**Instructions to follow:** A verbatim copy of every record is required, and no pictures should be included.

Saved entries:
——
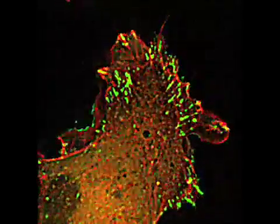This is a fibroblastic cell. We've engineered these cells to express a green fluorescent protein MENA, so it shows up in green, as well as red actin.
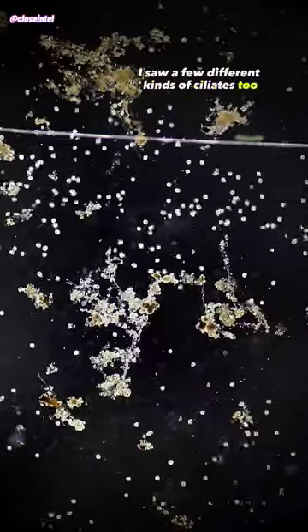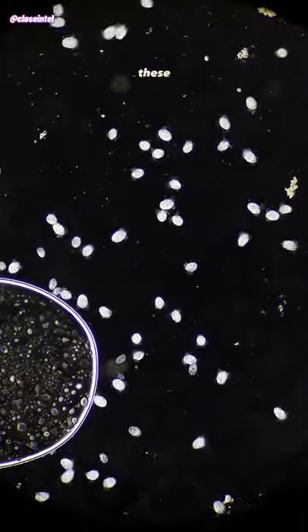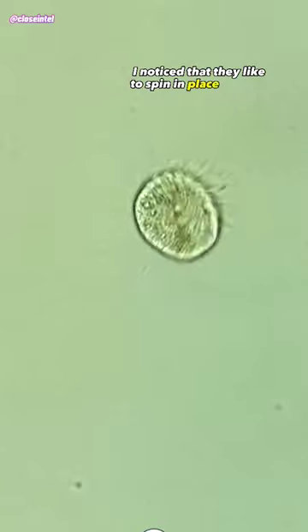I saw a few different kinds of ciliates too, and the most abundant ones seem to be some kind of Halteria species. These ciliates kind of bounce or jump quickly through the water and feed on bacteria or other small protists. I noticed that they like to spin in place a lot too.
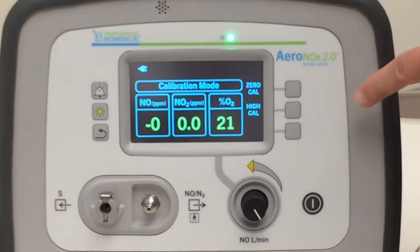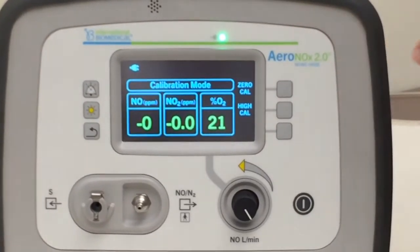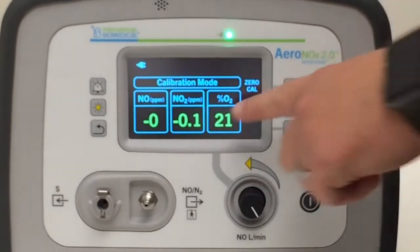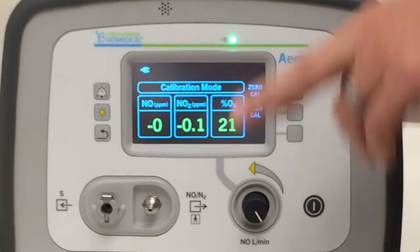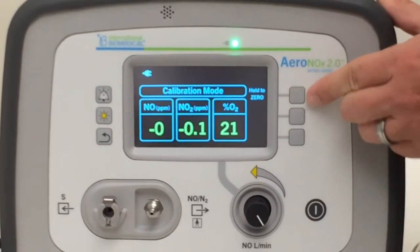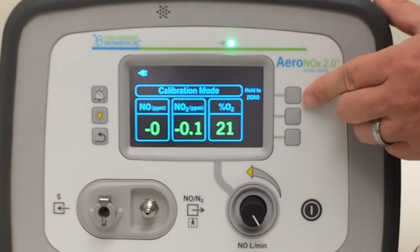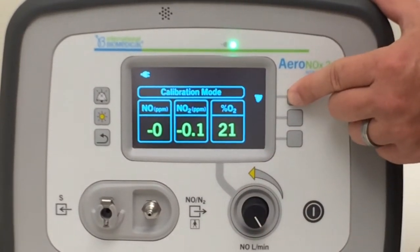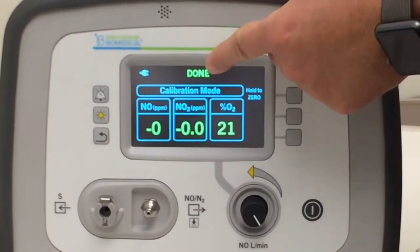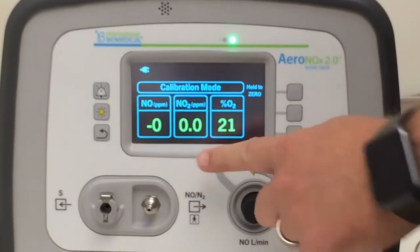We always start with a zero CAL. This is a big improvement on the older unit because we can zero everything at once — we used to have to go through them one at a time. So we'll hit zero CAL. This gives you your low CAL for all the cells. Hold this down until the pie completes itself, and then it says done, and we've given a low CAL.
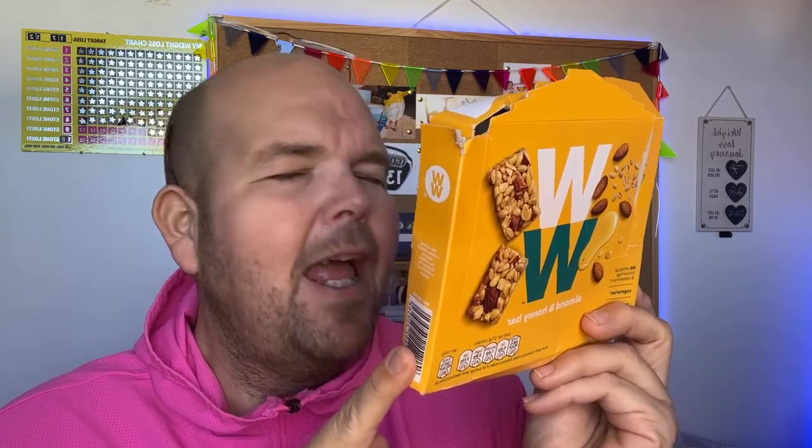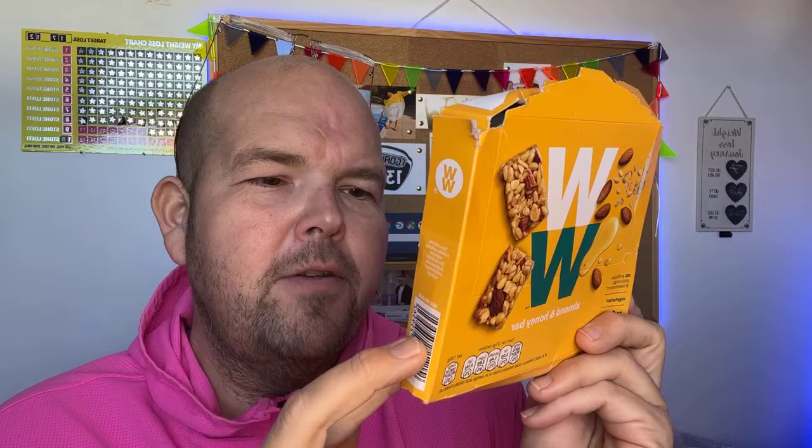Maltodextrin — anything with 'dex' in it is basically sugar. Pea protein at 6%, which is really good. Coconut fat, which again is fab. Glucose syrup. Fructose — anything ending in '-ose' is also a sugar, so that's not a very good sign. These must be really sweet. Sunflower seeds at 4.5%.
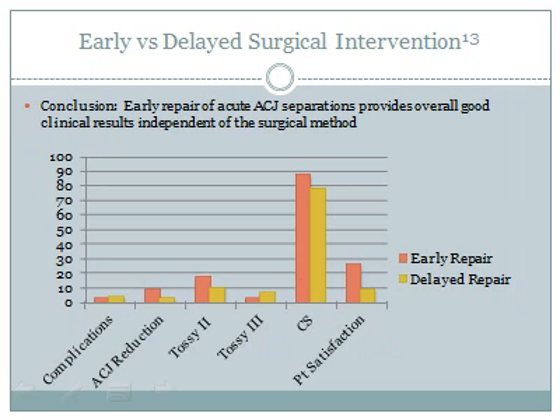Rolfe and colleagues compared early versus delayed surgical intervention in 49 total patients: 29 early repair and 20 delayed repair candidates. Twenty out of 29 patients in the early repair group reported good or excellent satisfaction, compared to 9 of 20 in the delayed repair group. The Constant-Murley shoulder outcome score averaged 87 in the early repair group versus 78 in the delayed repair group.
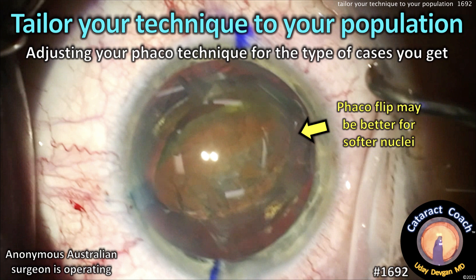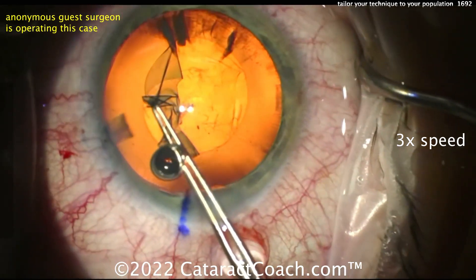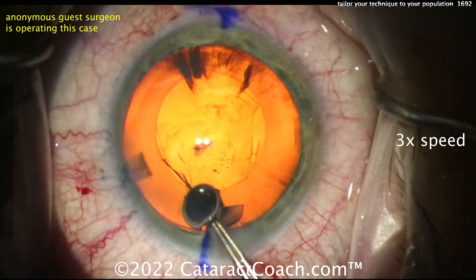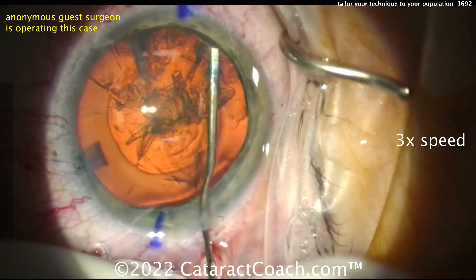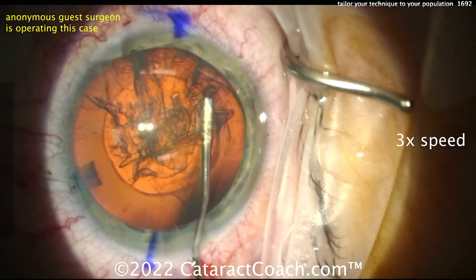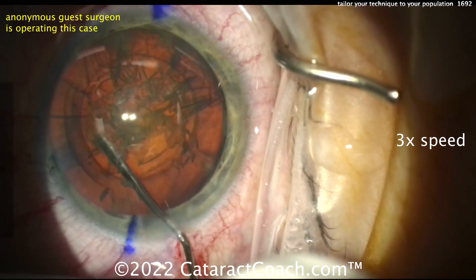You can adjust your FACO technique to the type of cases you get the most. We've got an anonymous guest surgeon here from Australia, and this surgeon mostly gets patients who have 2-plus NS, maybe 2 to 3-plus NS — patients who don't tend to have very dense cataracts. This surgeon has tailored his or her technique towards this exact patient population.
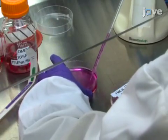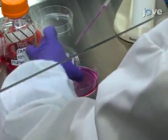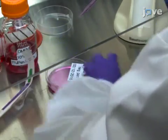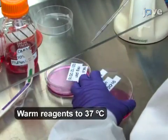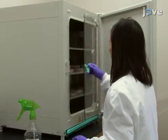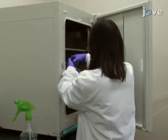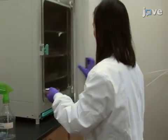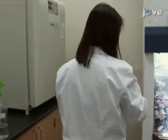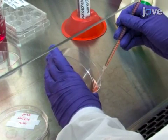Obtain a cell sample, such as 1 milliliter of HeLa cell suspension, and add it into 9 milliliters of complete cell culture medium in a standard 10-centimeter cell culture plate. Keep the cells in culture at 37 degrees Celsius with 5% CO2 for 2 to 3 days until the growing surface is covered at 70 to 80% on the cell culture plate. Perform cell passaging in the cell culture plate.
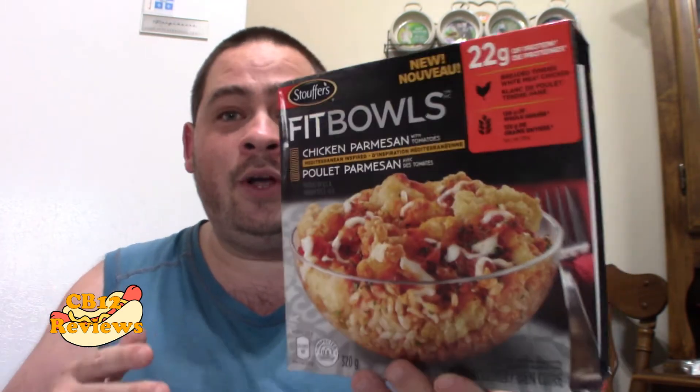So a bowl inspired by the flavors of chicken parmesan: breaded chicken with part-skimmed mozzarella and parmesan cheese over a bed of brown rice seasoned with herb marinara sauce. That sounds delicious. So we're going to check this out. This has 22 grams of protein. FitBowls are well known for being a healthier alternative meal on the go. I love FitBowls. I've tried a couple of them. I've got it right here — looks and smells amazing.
——
**Reply to the exercise:**
This is a fibroblastic cell. We've engineered these cells to express a green fluorescent protein MENA, so it shows up in green, as well as red actin.
I saw a few different kinds of ciliates too, and the most abundant ones seem to be some kind of Halteria species. These ciliates kind of bounce or jump quickly through the water and feed on bacteria or other small protists. I noticed that they like to spin in place a lot too.
We always start with a zero CAL. This is a big improvement on the older unit because we can zero everything at once — we used to have to go through them one at a time. So we'll hit zero CAL. This gives you your low CAL for all the cells. Hold this down until the pie completes itself, and then it says done, and we've given a low CAL.
Maltodextrin — anything with 'dex' in it is basically sugar. Pea protein at 6%, which is really good. Coconut fat, which again is fab. Glucose syrup. Fructose — anything ending in '-ose' is also a sugar, so that's not a very good sign. These must be really sweet. Sunflower seeds at 4.5%.
Rolfe and colleagues compared early versus delayed surgical intervention in 49 total patients: 29 early repair and 20 delayed repair candidates. Twenty out of 29 patients in the early repair group reported good or excellent satisfaction, compared to 9 of 20 in the delayed repair group. The Constant-Murley shoulder outcome score averaged 87 in the early repair group versus 78 in the delayed repair group.
You can adjust your FACO technique to the type of cases you get the most. We've got an anonymous guest surgeon here from Australia, and this surgeon mostly gets patients who have 2-plus NS, maybe 2 to 3-plus NS — patients who don't tend to have very dense cataracts. This surgeon has tailored his or her technique towards this exact patient population.
Obtain a cell sample, such as 1 milliliter of HeLa cell suspension, and add it into 9 milliliters of complete cell culture medium in a standard 10-centimeter cell culture plate. Keep the cells in culture at 37 degrees Celsius with 5% CO2 for 2 to 3 days until the growing surface is covered at 70 to 80% on the cell culture plate. Perform cell passaging in the cell culture plate.
So a bowl inspired by the flavors of chicken parmesan: breaded chicken with part-skimmed mozzarella and parmesan cheese over a bed of brown rice seasoned with herb marinara sauce. That sounds delicious. So we're going to check this out. This has 22 grams of protein. FitBowls are well known for being a healthier alternative meal on the go. I love FitBowls. I've tried a couple of them. I've got it right here — looks and smells amazing.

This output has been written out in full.